Im Sommer musste der Bundesrat informieren, dass nicht nur 80'000 Ehepaare von der Heiratsstrafe betroffen sind, wie im Abstimmungsbüchlein zur CVP-Initiative stand, sondern 454'000. Das von Finanzminister Ueli Maurer in Auftrag gegebene Gutachten wirft ein düsteres Bild auf die Datenlage in der Eidgenössischen Steuerverwaltung.
Generelles Manko festgestellt
«Ich dachte, es müsste für die Steuerverwaltung einfach sein, den Anfall betroffener Ehepaare zu kalkulieren», sagte der mit dem Gutachten betraute Wirtschaftsprofessor Raphaël Parchet von der Universität in Lugano. Doch er musste feststellen, dass die Steuerverwaltung nicht nur bezüglich Heiratsstrafe, sondern generell über zu wenig Daten verfügt.
Mit den ihr vorliegenden Daten könne die Behörde daher ihren politischen Auftrag nicht erfüllen, für die nationale Steuerpolitik die Grundlagen zu liefern, schreibt Parchet in seinem Gutachten.
Eidgenössische Steuerverwaltung im luftleeren Raum?
Ein bemerkenswertes Fazit. Bedeutet das, dass die Steuerverwaltung eigentlich gar nichts richtig abschätzen? «So ist es dann natürlich doch auch nicht», sagt der Sprecher der Steuerverwaltung, Joël Weibel und führt aus: «Gewisse Sachen können wir berechnen. Zum Teil geben uns ausgewählte Kantone auch Zusatzinformationen, sodass wir eine Hochrechnung auf die ganze Schweiz machen können.»
Parchet aber gibt sich mit Daten von einzelnen Kantonen nicht zufrieden. Auch er greift zwar in seinem Gutachten auf eine Stichprobe aus Zürich zurück. Er betont gleichzeitig, dass dies bei Rechnungen zur Heiratsstrafe kein Ersatz für die Daten von allen Steuerpflichtigen sei.
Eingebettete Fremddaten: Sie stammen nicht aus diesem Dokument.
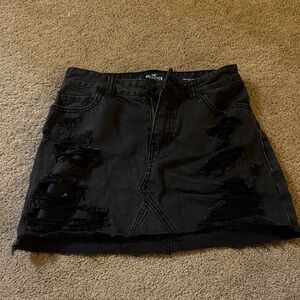 Hollister Black Ripped Mini Skirt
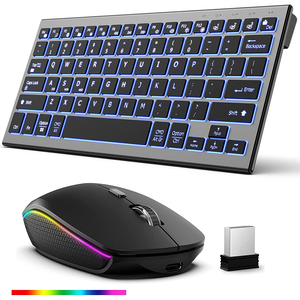 Backlit Wireless Keyboard and Mouse Comb Multi-Device 2.4G Dual Mode Rechargeable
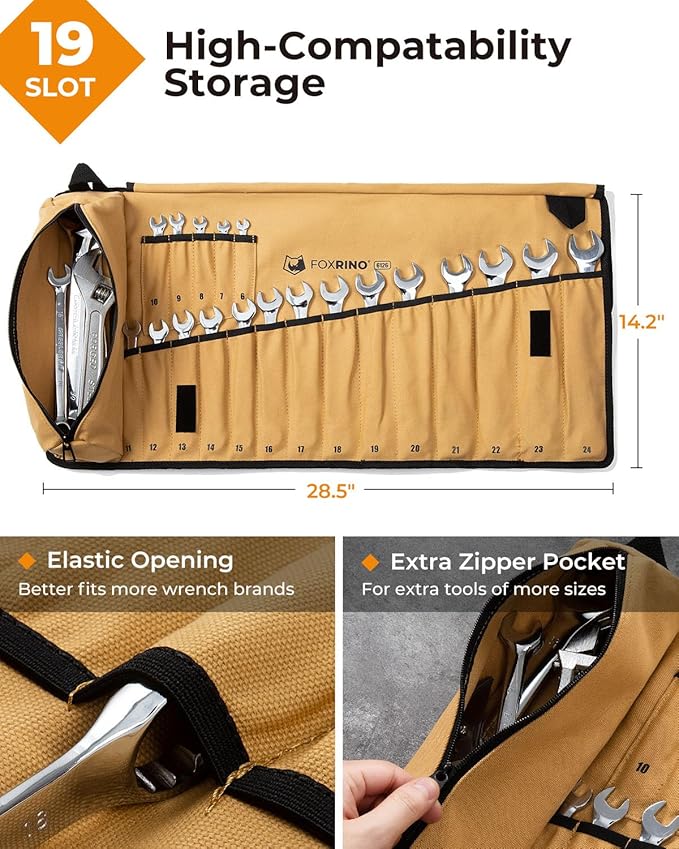 Wrench Roll, Wrench Roll Up Pouch, Gifts for Men Father Dad Mechanic, Heavy Duty Canvas Wrench Organizer Bag (Brown, 19+1 Metric)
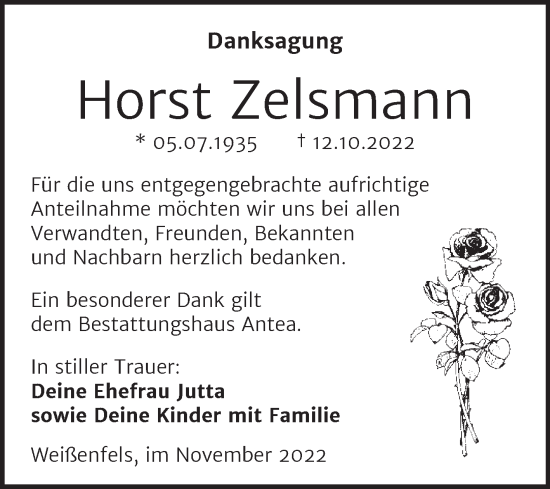 Traueranzeige von Horst Zelsmann von Trauerkombi Weißenfels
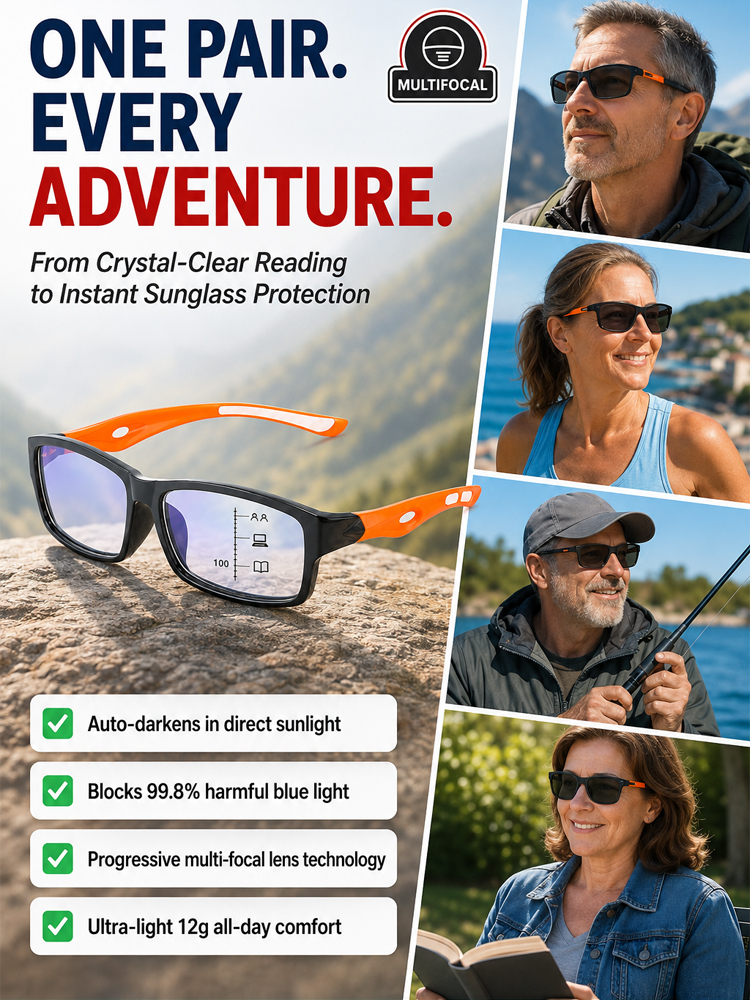 [One pair does it all] Multifocal photochromic anti-blue light reading glasses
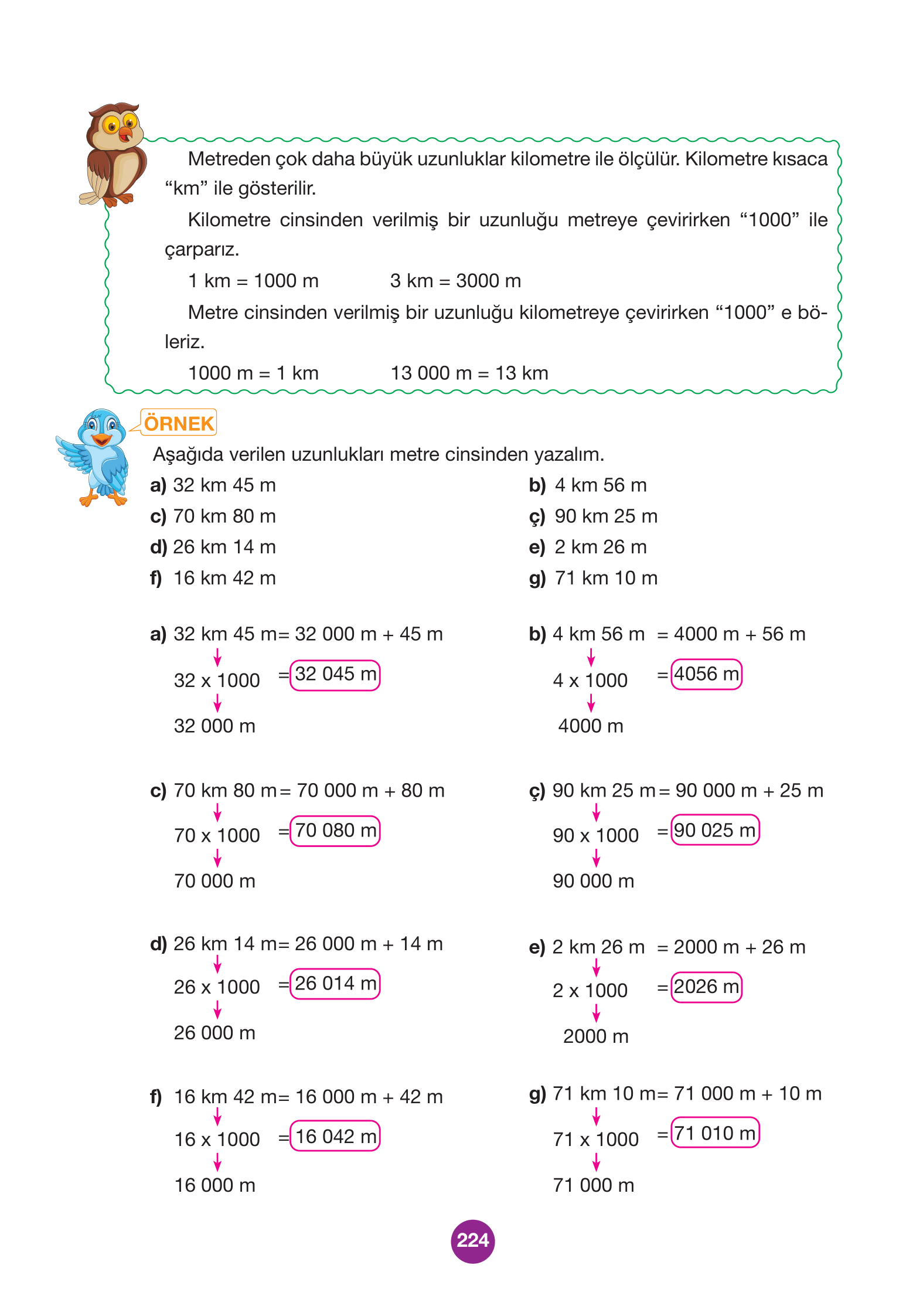 4. Sınıf Pasifik Yayınları Matematik Ders Kitabı Sayfa 224 Cevapları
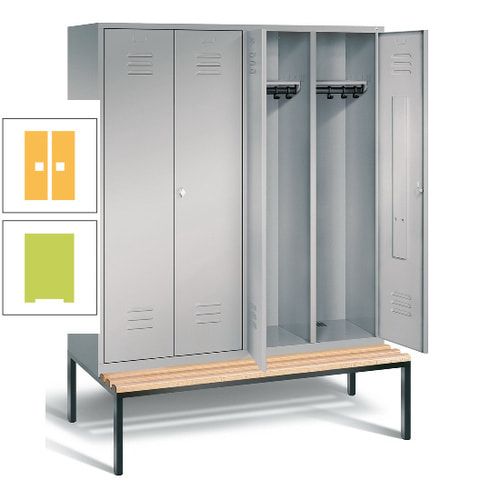 Doppel-Spindschrank, Buche Sitzbank untergebaut, 4 Abteile a 400 mm, Korpus lichtgrau, Tür anthrazitgrau, 2.090 x 1.590 x 815 mm (HxBxT)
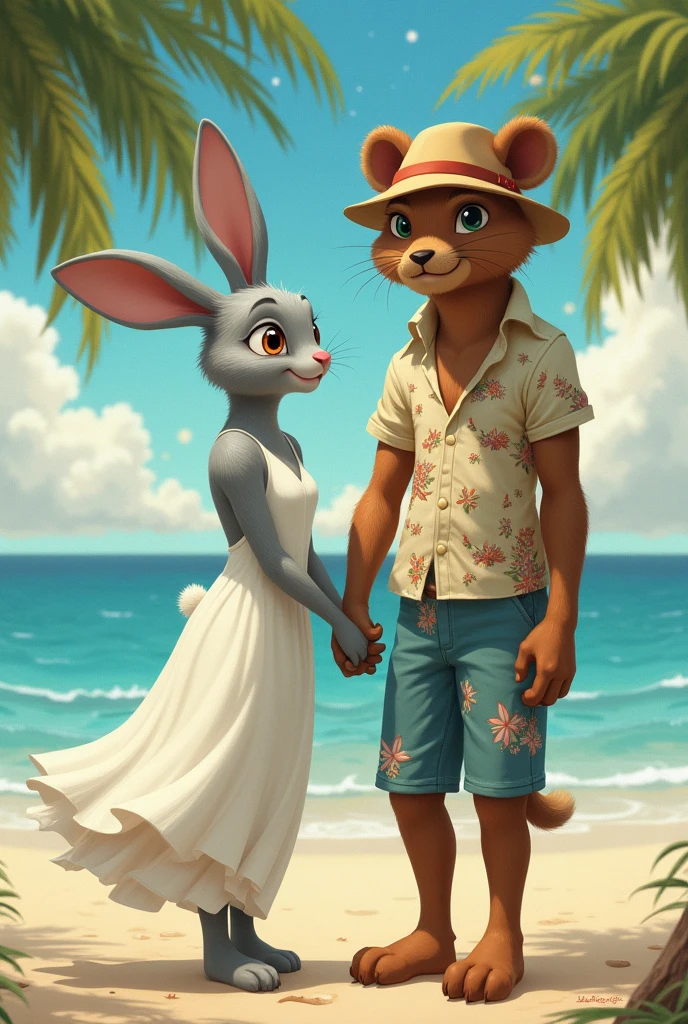 Coneja adoliscinte ALTA, cuerpo sexi COLOR GRIS parada CON vistido largp blanco, in, Ojos marronis claros, EN inN PAISAJE playero, istilo Disney , Palmas, Coloris cálidos, is. Greg Rutkowski, by Alphonse Mucha. Next to the rabbit is a tall brown bear., slim build with light eyes, pantaloneta color azul con floris, camisa de floris con ropa de playa y sombrero playero. tomados de la mano in una pose relajada.
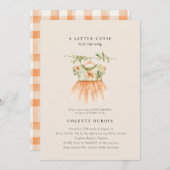 柑橘類オレンジフローラリトルかわいこちゃんベビーシャワー 招待状 (正面/裏面)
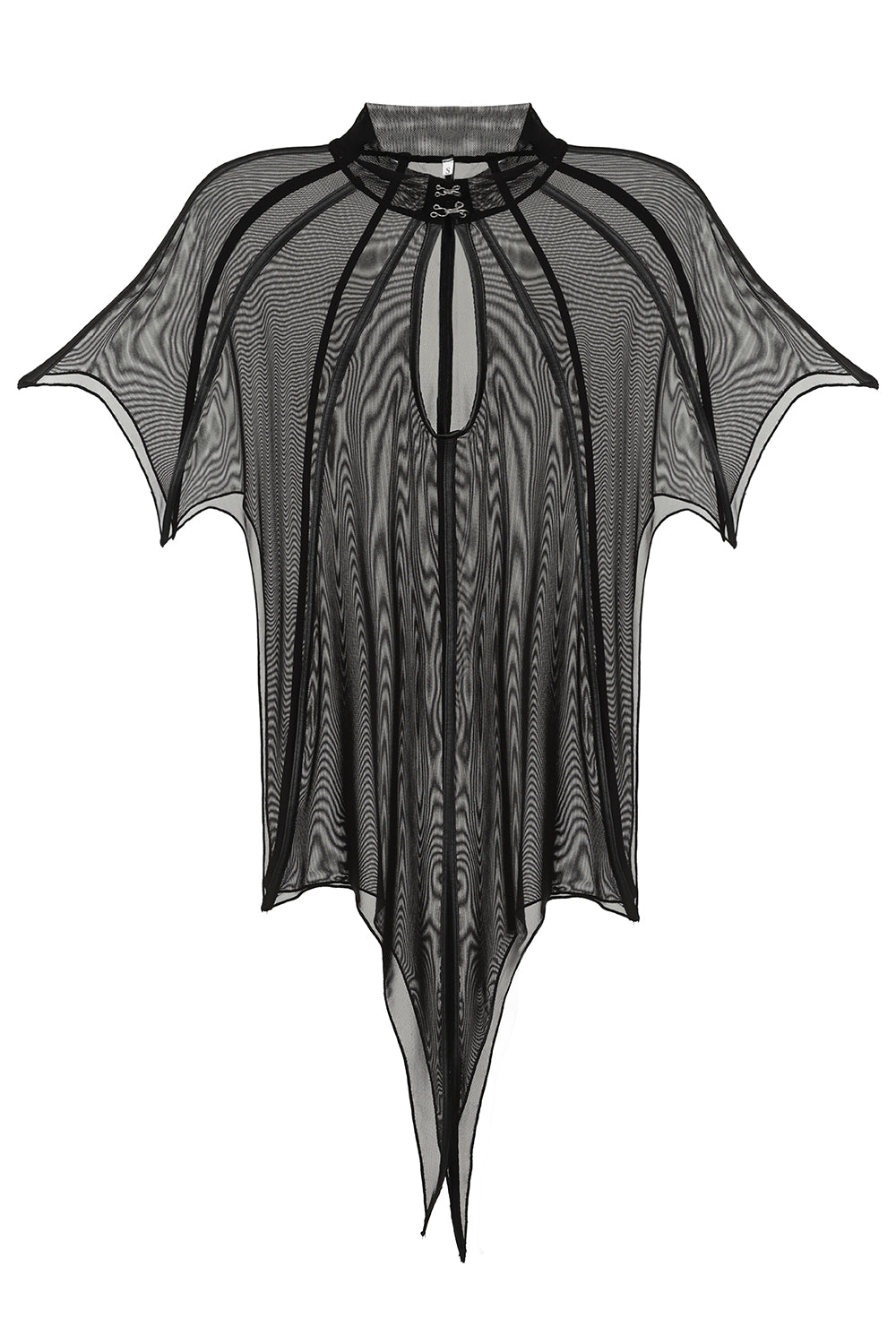 Close-up of the Necessary Evil Leutogi Mesh Bat Wing Cape Top highlighting the unique keyhole and hook and eye fastening detail for a sophisticated look.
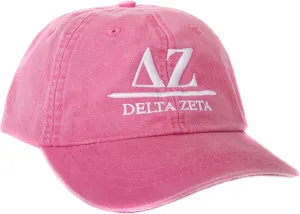Desert Cactus Delta Zeta Baseball Hat (B) Embroidered Cap Cursive Name Font Adjustable Leather Strap dz (Hot Pink - B)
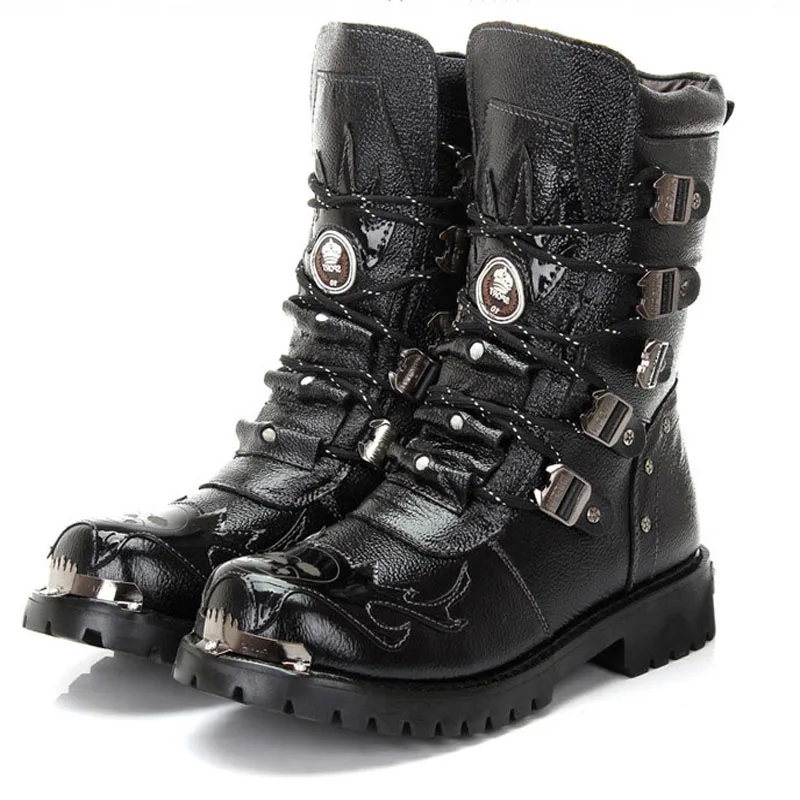 Winter Men Motorcycle Boots New Fashion Mid-Calf Punk Rock Punk Shoes Mens Genuine Leather Black High Top Mens Casual Boot
Winter Men Motorcycle Boots New Fashion Mid-Calf Punk Rock Punk Shoes Mens Genuine Leather Black High Top Mens Casual Boot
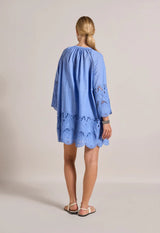 Flamingo Oasis Embroidered Short Dress Milky Blue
Mit präziserem Gesetz zu genügend Daten?
Nötig seien in erster Linie Angaben zu den einzelnen Einkommen und Abzügen jedes Ehegatten. Diese Daten seien durchaus verfügbar: In den Kantonen, nicht aber bei der Steuerverwaltung in Bern. Entsprechend wünscht sich die Eidgenössische Steuerverwaltung, dass die Kantone mehr Daten nach Bern liefern. Laut ihrem Sprecher könnte beispielsweise die Verordnung zum Statistikgesetz präziser formulieren, welche Daten die Kantone liefern müssen.
Kantone: Wer bezahlt das?
Bei den Kantonen löst dieser Wunsch wenig Begeisterung aus. «Nicht alle Kantone können die gewünschten Daten automatisch liefern», entgegnet der Präsident der Finanzdirektorenkonferenz, der jurassische CVP-Regierungsrat Charles Juillard. Viele Kantone müssten dafür Steuerdossier um Steuerdossier einzeln durchgehen. Da sei eine grosse Arbeit und habe auch einen Preis. Entschädigungen aus Bundesbern seien unter diesen Umständen wünschenswert.
Die Haltung der Kantone lässt Wirtschaftsprofessor Parchet etwas ratlos zurück: «Ich kann mir nicht vorstellen, dass das 2018 so schwierig sein soll, die Daten zu liefern. Ich bin sicher, dass die Kosten einer Datenlieferung viel tiefer sind als jene einer falschen Politik.»